Would you retype exactly the lines below, starting with the one that has "Bearhug Heating Pad" and going on through the one that has "Wilma — Plain", with no pictures and nothing else?
** Input data follows **
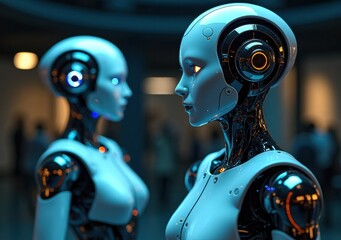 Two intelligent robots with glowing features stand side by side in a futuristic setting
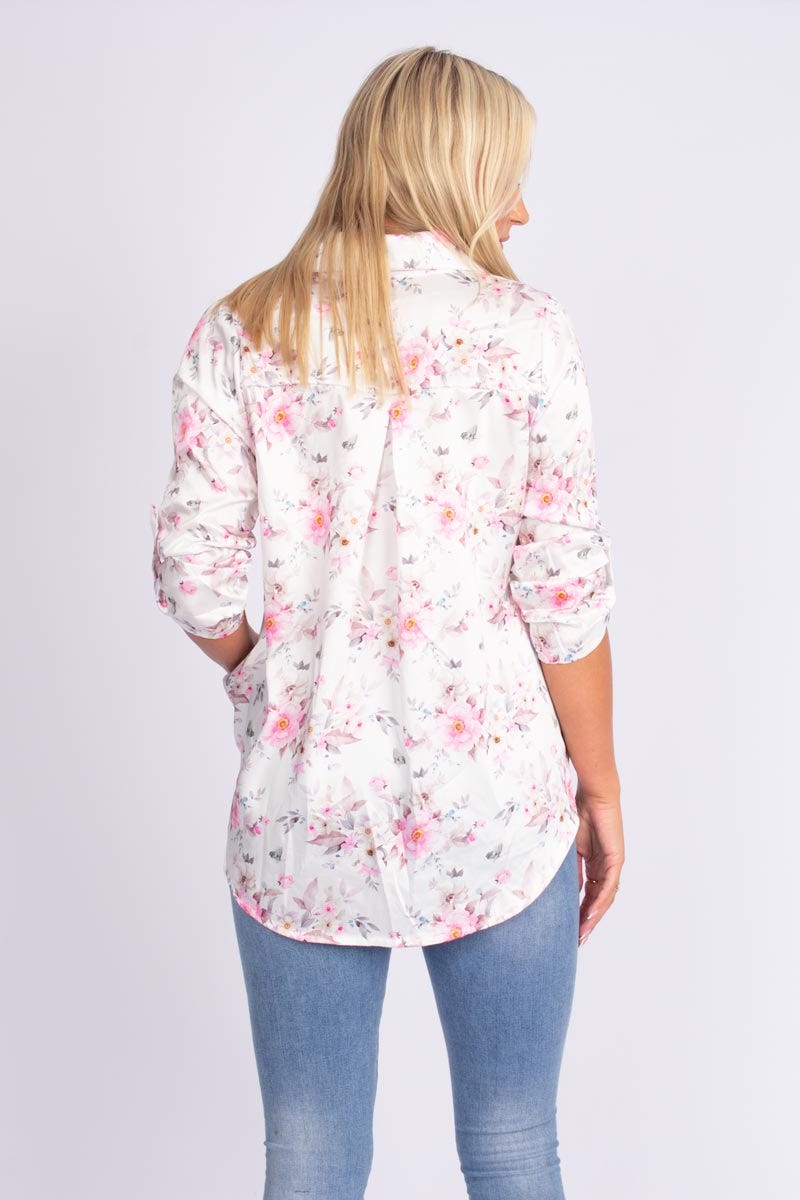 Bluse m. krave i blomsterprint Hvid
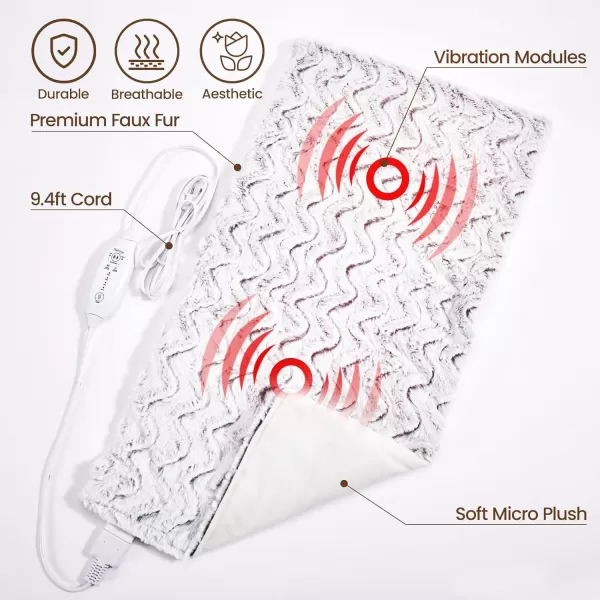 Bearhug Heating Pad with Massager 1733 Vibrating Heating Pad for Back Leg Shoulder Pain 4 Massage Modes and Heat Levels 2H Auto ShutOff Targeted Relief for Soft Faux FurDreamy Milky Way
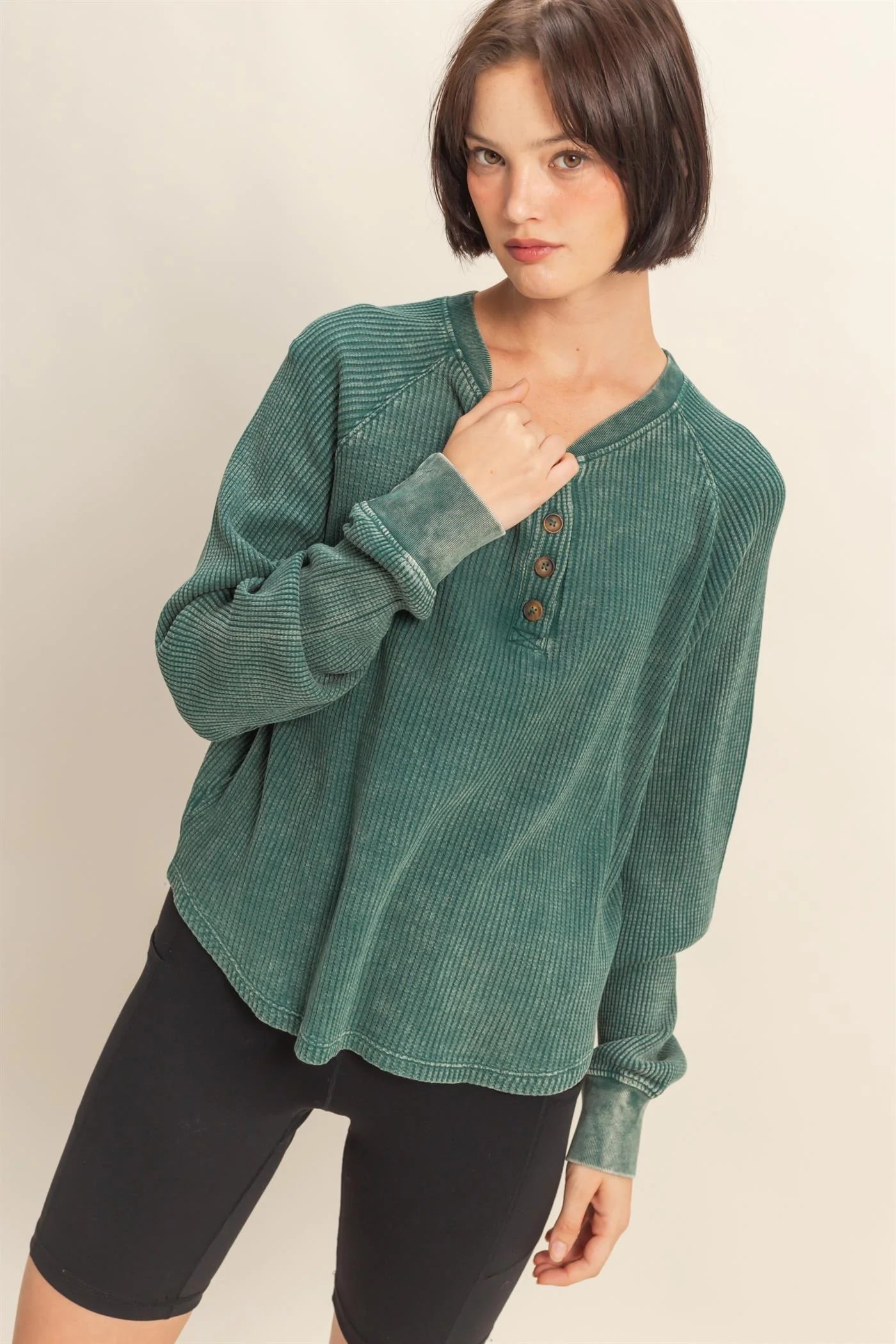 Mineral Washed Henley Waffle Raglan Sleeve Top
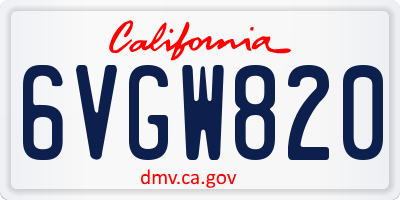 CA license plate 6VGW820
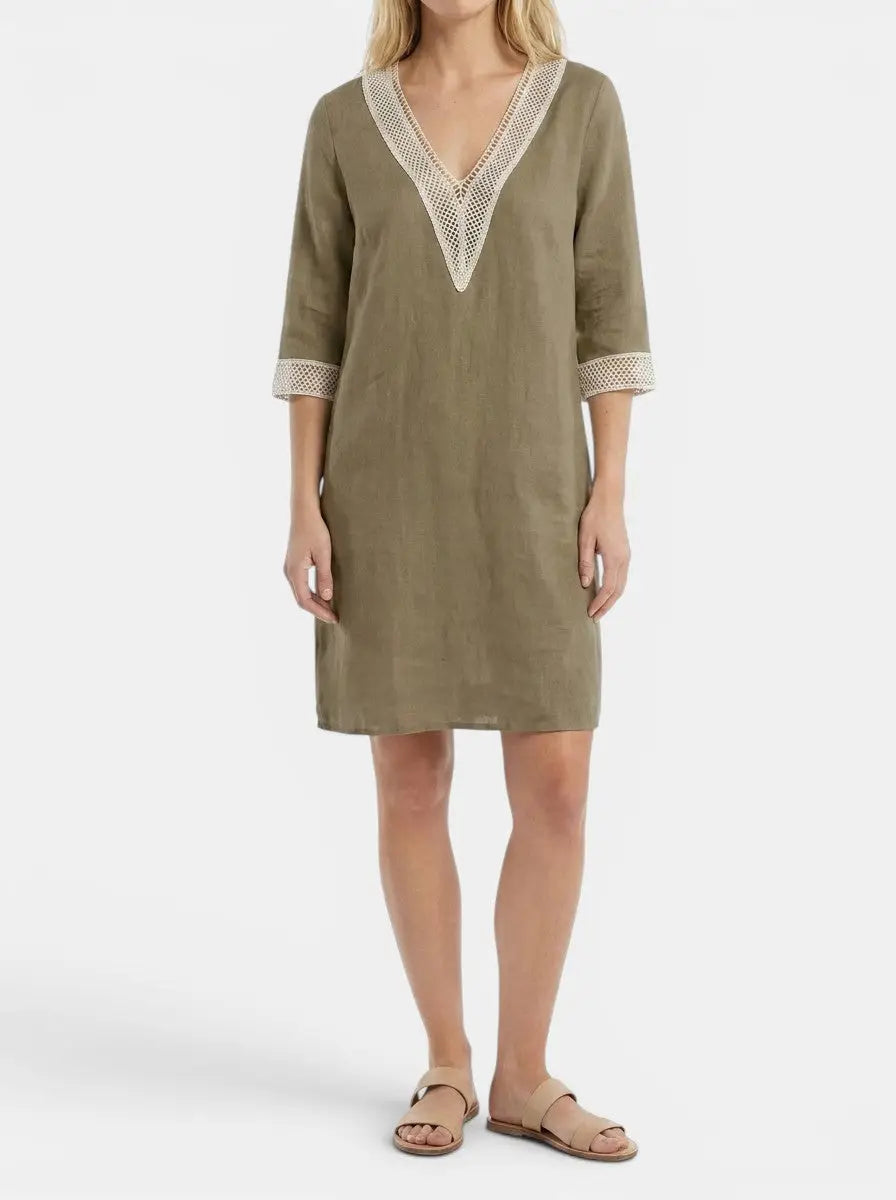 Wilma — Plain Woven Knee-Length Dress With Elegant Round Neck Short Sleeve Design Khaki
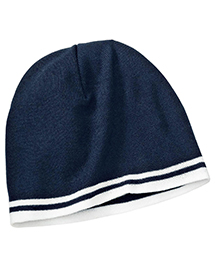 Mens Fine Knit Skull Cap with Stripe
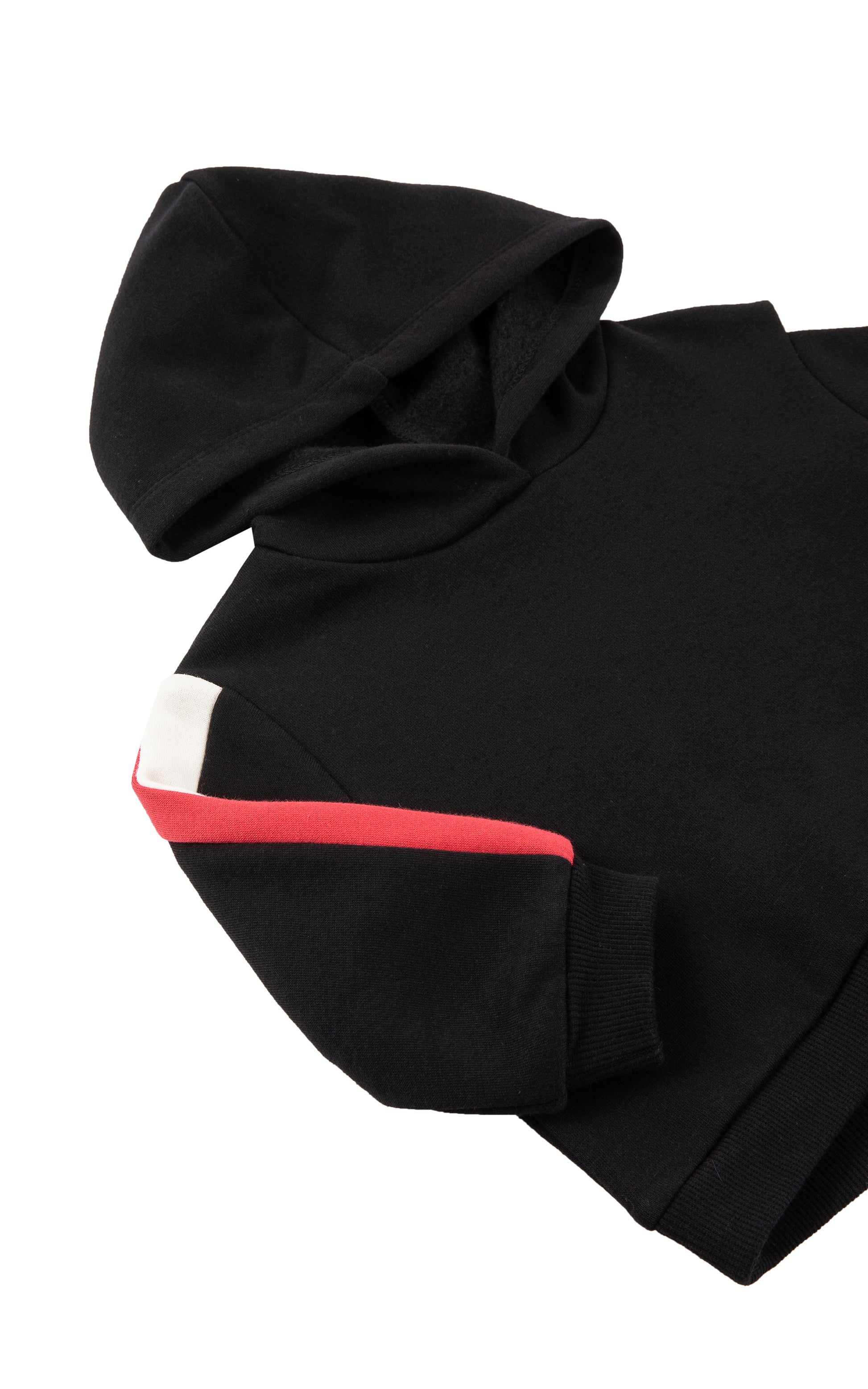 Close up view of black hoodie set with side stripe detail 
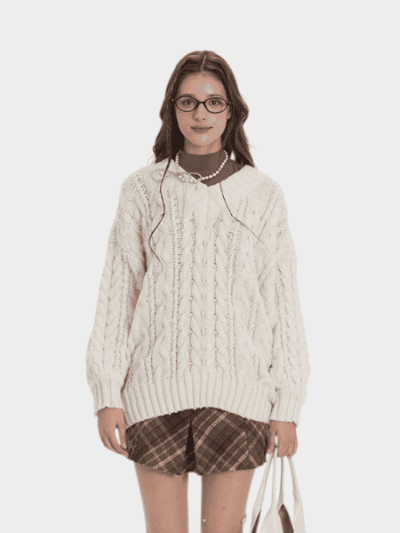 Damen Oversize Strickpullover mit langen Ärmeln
** End of Input data **
Answer section ->
 Bearhug Heating Pad with Massager 1733 Vibrating Heating Pad for Back Leg Shoulder Pain 4 Massage Modes and Heat Levels 2H Auto ShutOff Targeted Relief for Soft Faux FurDreamy Milky Way
 Mineral Washed Henley Waffle Raglan Sleeve Top
 CA license plate 6VGW820
 Wilma — Plain Woven Knee-Length Dress With Elegant Round Neck Short Sleeve Design Khaki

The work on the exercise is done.